PARIS (Reuters) - Modestly shaking his head to deny he was any good at speaking French, Britain's new foreign minister Boris Johnson sought to charm a media audience in Paris during a joint appearance with his French counterpart, who recently called him a liar.
At a news conference after private talks, Johnson and Jean-Marc Ayrault exchanged assurances of friendship but left without taking questions from a roomful of journalists eager to probe the awkwardness behind the niceties.
Johnson was the leading figure in the campaign for Britain to leave the European Union ahead of a June 23 referendum that resulted in a vote for Brexit and plunged the 28-member bloc into crisis and soul-searching.
After Johnson's shock appointment as foreign secretary by new Prime Minister Theresa May, Ayrault said on French radio that Johnson had lied to the British people during the campaign and now had his back to the wall.

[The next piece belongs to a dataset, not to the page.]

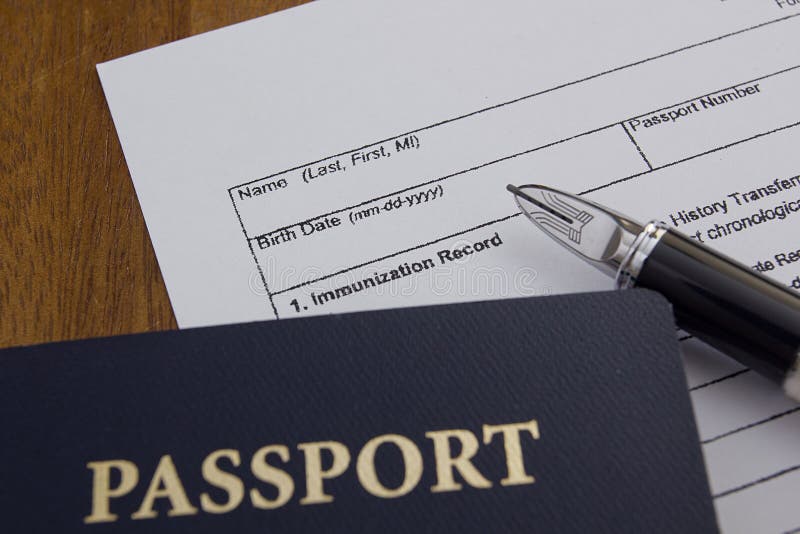 Vaccination Documentation Worksheet Stock Photo - Image of inoculate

Johnson was later booed at a Bastille Day reception at the French ambassador's residence in London.
Neither man made any reference to these undiplomatic events during Thursday's appearance together in the gilded surroundings of the Quai d'Orsay, France's grand foreign ministry building on the banks of the Seine.
Ayrault kicked off proceedings with pleasantries, saying he was delighted to greet Johnson in the ornate Salon de l'Horloge, or Clock Room, prompting Johnson to look up toward the ceiling and from side to side, apparently searching for a clock.
"He is well known in France, and not only for his excellent biography of Winston Churchill but also as mayor of London. He knows France well in fact, and speaks French very well," said Ayrault. Johnson demurely looked down and shook his head.
"I have even been told, dear Boris, that your family on your mother's side has origins in the region of Nantes, my city," continued Ayrault, seeking some common ground.
Recognized around the world thanks to his disheveled platinum hair, Johnson is also known for gags and insults often delivered in colorful, erudite language peppered with Latin.
When it was his turn to speak, Johnson did so in accented but correct French, saying he was delighted to be in France for his first bilateral visit to a European country as foreign secretary.
Reading from prepared remarks, he stuck to the script and avoided any jokes as he sought to project a more serious image than in the past. He later said he had a "warm" two-hour working lunch with Ayrault before their media appearance.
Previously, Johnson had sought to minimize Ayrault's disobliging comment, saying he had received "a charming letter" from the French minister congratulating him on his new job.
At a news conference with his U.S. counterpart John Kerry in London last week, Johnson was assailed by questions from U.S. reporters about past jibes at the likes of President Barack Obama and presidential candidate Hillary Clinton.
Although the tables were turned on Thursday and Johnson found himself in the rare position of being the one who had been insulted rather than the author of the insult, neither he nor Ayrault were taking any chances.
After both men made their remarks and shook hands for the cameras, they walked out, leaving awkward questions unanswered.